ゴースト・レゾナンス
ゴースト・レゾナンス
天井を眺めていたら、いつの間にか朝になっていた。ベッドに入ったのはいつだったかなと記憶をたどる。横になったときの気持ちのいい感覚は、もうすでになくなっていた。
僕はため息をつく。一度考え事を始めてしまうと、こうなってしまうのがオチだ。
七月の燦々とした陽射しが窓を通して僕の部屋を照らしている。それはまるでスポットライトのように、もう使わなくなった勉強机を照らしていた。薄暗い部屋に一つだけピントを合わせられたその光景に、僕は過ぎてしまった時間を感じた。
一日の始まりがこんなに憂鬱でいいのだろうか。
この生活には慣れたはずなのに、どうにも朝日を見ると陰鬱な気持ちがこみ上げてしまう。朝起きて、日を浴びる。世間一般的に「健康的だな」と言われるようなその行為は、脳から分泌されたセロトニンが体に「今が朝だ」と認識させるという意味で、一日を始めるエンジンのようなものだ。
そしてエンジンを回すと同時に、僕らは日の光という祝福を全身に浴びる。それはまるで世界から「お前のことを見守っているぞ」と言われているようなもので、僕らはそれによって自分が世界に認識されているという安心を得る。
だが、今の僕にはそれが分からない。その安心とやらも、失って初めて気づいた。
眠ることもできず、朝と昼と夜の境界すらもなくなった今、どうして朝日を見て、一日が始まると思えるのだろう。
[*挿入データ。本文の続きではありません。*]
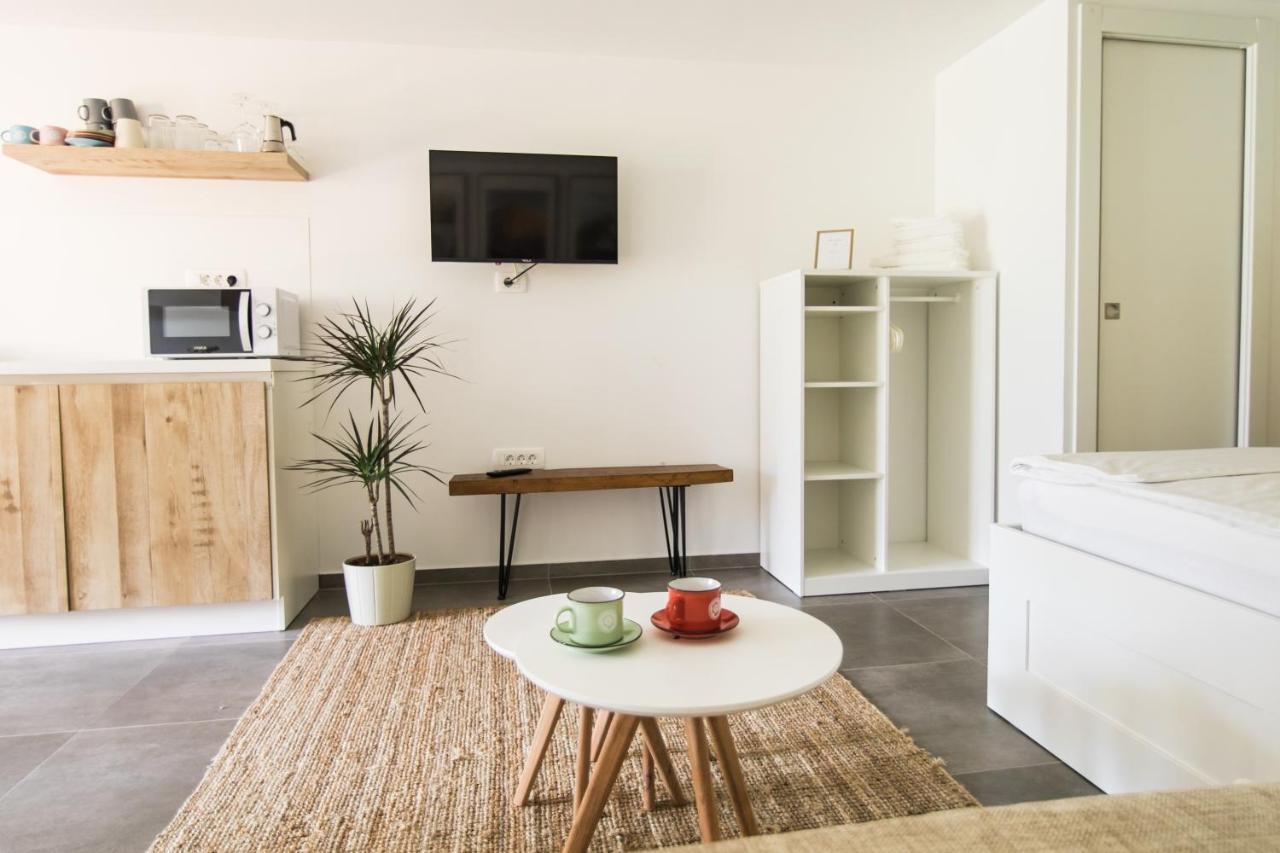 Apartma Lojz Bovec Extérieur photo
一日24時間、太陽が昇って下る、そんな当たり前のサイクルから外れた僕は、きっと世界から見放されたのだ。だから朝日は好きじゃない。
僕は体を起こす。体は軽い。その軽さが、また僕を孤独にさせる。
重さというのは、平等に与えられた生の実感なのだと思う。
朝、体を起こすことがあんなにも辛かった日々が、今は懐かしい。その重さこそが、世界から認められていた証拠だったのだ。だからこそ、世界から隔絶された今の感覚は「軽い」。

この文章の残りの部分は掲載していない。